Does gup_fast walking increment the mm_users? Or is it a requirement of
the calling code? I can't seem to find where this happens.

> For the case of multiple users we have an mmu_table_batch structure
> that holds references to pages that should be freed at a later point.

Yes.

> This batch is contained on a page that is allocated on the fly. If, for
> any reason, we can't allocate the batch container we fallback to a slow
> path which is to issue an IPI (via tlb_remove_table_one). This IPI will
> block on the gup walker.
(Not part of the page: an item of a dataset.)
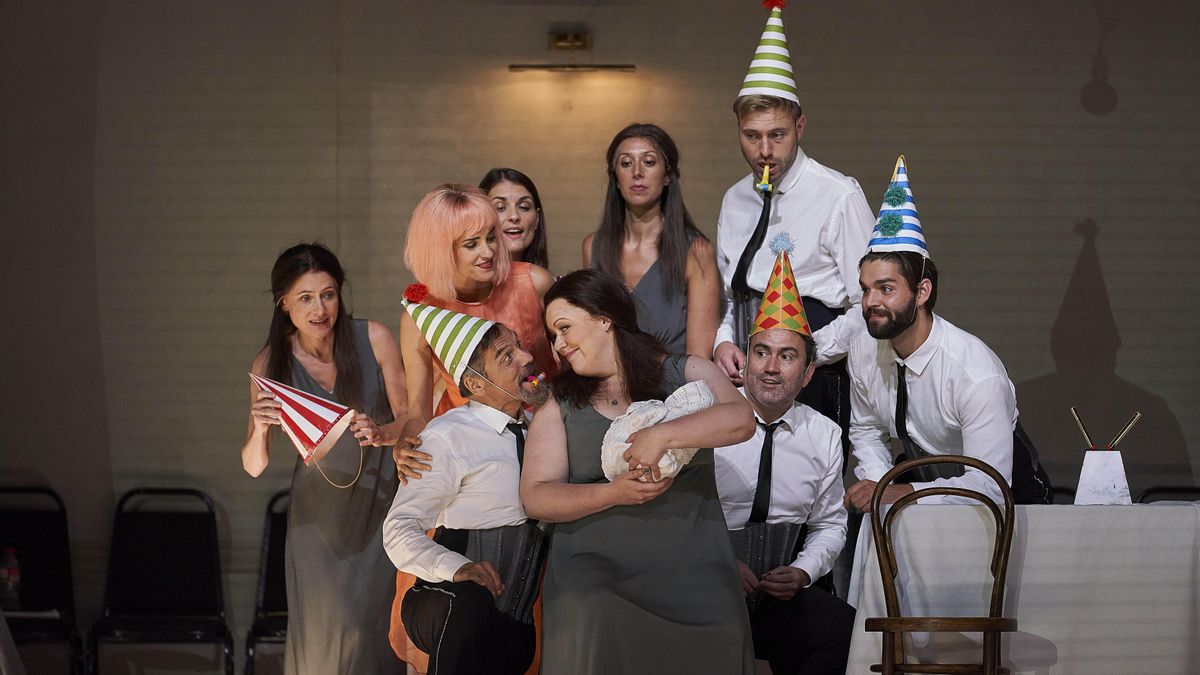 Una escena de ’Ariadne auf Naxos’, con la soprano Miina-Liisa Varela, en el centro, como Primadonna (Ariadne). Una escena de ’Ariadne auf Naxos’, con la soprano Miina-Liisa Varela, en el centro, como Primadonna (Ariadne).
We need this fallback behaviour on ARM/ARM64.

That's my main point: this batch page allocation on the fly for table
pages happens in tlb_remove_table(). With your patch for arm64
HAVE_RCU_TABLE_FREE, I can comment out tlb_remove_table() and it
compiles just fine because you don't call it from functions like
__pte_free_tlb() (as powerpc and sparc do). The __tlb_remove_page() that
we currently use doesn't give us any RCU protection here.
Peter Zijlstra May 1, 2014, 9:57 a.m. UTC | #7
On Thu, May 01, 2014 at 10:52:47AM +0100, Catalin Marinas wrote:
> Does gup_fast walking increment the mm_users? Or is it a requirement of
> the calling code? I can't seem to find where this happens.
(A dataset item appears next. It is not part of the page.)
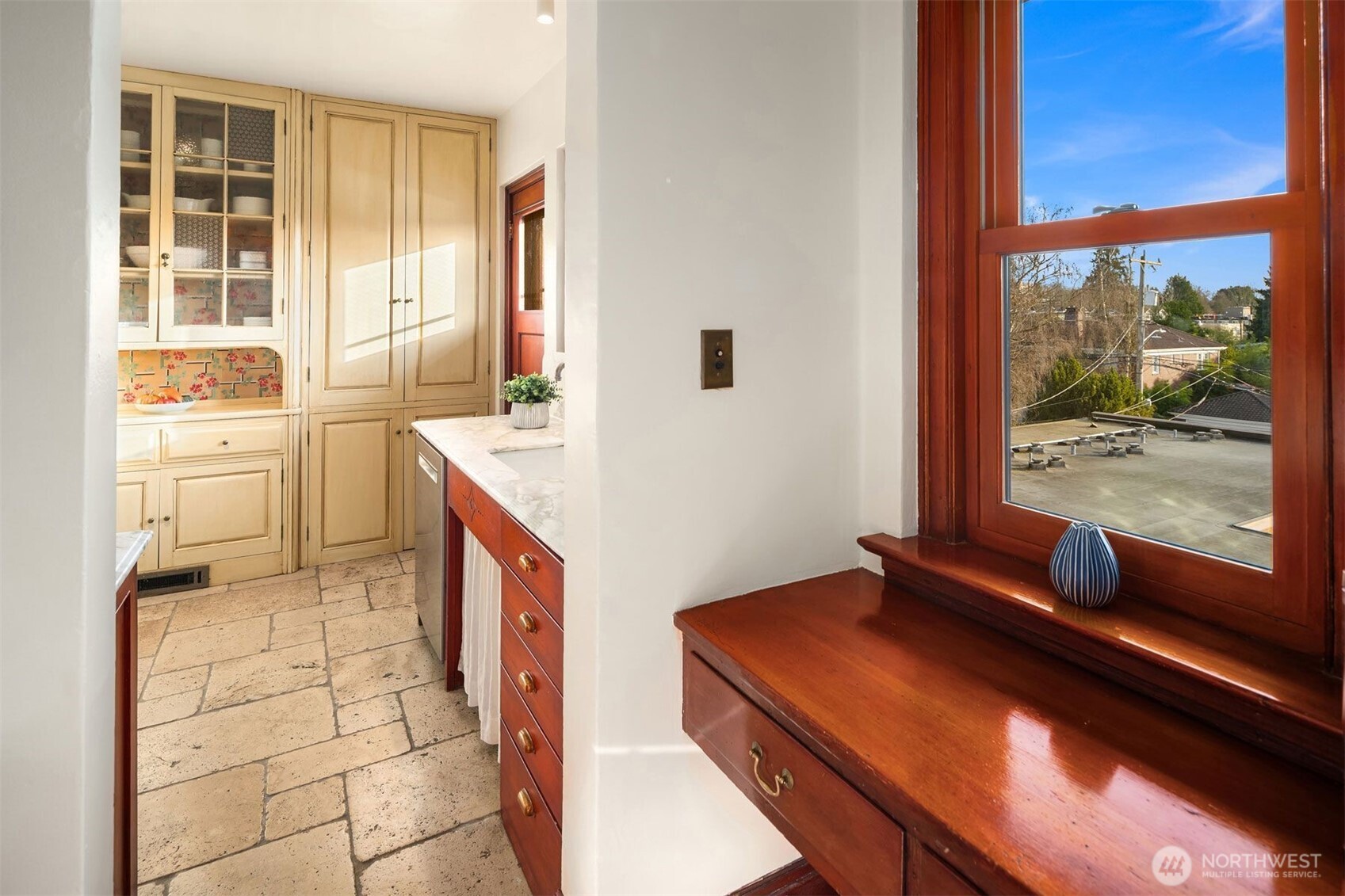 1112 Broadway E Unit: 402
No, its not required at all. One should only walk current->mm with
gup_fast, any other usage is broken.

And by delaying TLB shootdown, either through disabling IRQs and
stalling IPIs or by using RCU freeing, you're guaranteed your own page
tables won't disappear underneath your feet.
Catalin Marinas May 1, 2014, 10:04 a.m. UTC | #8
On Thu, May 01, 2014 at 10:57:39AM +0100, Peter Zijlstra wrote:
> On Thu, May 01, 2014 at 10:52:47AM +0100, Catalin Marinas wrote:
> > Does gup_fast walking increment the mm_users? Or is it a requirement of
> > the calling code? I can't seem to find where this happens.
> 
> No, its not required at all. One should only walk current->mm with
> gup_fast, any other usage is broken.

OK, I get it now.

> And by delaying TLB shootdown, either through disabling IRQs and
> stalling IPIs or by using RCU freeing, you're guaranteed your own page
> tables won't disappear underneath your feet.
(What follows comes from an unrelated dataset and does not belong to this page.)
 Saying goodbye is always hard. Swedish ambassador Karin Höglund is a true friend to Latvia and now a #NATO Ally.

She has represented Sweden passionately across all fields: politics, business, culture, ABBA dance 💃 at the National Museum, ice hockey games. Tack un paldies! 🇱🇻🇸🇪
And for RCU to work, we still need to use the full tlb_remove_table()
logic (Steve's patches just use tlb_remove_page() for table freeing).

Thanks.
Steve Capper May 1, 2014, 10:15 a.m. UTC | #9
On Thu, May 01, 2014 at 11:04:15AM +0100, Catalin Marinas wrote:
> On Thu, May 01, 2014 at 10:57:39AM +0100, Peter Zijlstra wrote:
> > On Thu, May 01, 2014 at 10:52:47AM +0100, Catalin Marinas wrote:
> > > Does gup_fast walking increment the mm_users? Or is it a requirement of
> > > the calling code? I can't seem to find where this happens.
> > 
> > No, its not required at all. One should only walk current->mm with
> > gup_fast, any other usage is broken.
> 
> OK, I get it now.
> 
> > And by delaying TLB shootdown, either through disabling IRQs and
> > stalling IPIs or by using RCU freeing, you're guaranteed your own page
> > tables won't disappear underneath your feet.
> 
> And for RCU to work, we still need to use the full tlb_remove_table()
> logic (Steve's patches just use tlb_remove_page() for table freeing).

Yes, I see.
This is a bug in the arm64 patch (arm correctly calls tlb_remove_page),
I think it got ate during a rebase.

I will fix the arm64 activation logic.

Apologies for the confustion,
diff mbox

Patch

diff --git a/arch/arm64/Kconfig b/arch/arm64/Kconfig
index 27bbcfc..6185f95 100644
--- a/arch/arm64/Kconfig
+++ b/arch/arm64/Kconfig
@@ -38,6 +38,7 @@  config ARM64
 	select HAVE_MEMBLOCK
 	select HAVE_PATA_PLATFORM
 	select HAVE_PERF_EVENTS
+	select HAVE_RCU_TABLE_FREE
 	select IRQ_DOMAIN
 	select MODULES_USE_ELF_RELA
 	select NO_BOOTMEM
diff --git a/arch/arm64/include/asm/tlb.h b/arch/arm64/include/asm/tlb.h
index 72cadf5..58a8b78 100644
--- a/arch/arm64/include/asm/tlb.h
+++ b/arch/arm64/include/asm/tlb.h
@@ -22,6 +22,14 @@ 
 
 #include <asm-generic/tlb.h>
 
+#include <linux/pagemap.h>
+#include <linux/swap.h>
+
+static inline void __tlb_remove_table(void *_table)
+{
+	free_page_and_swap_cache((struct page *)_table);
+}
+
 /*
  * There's three ways the TLB shootdown code is used:
  *  1. Unmapping a range of vmas.  See zap_page_range(), unmap_region().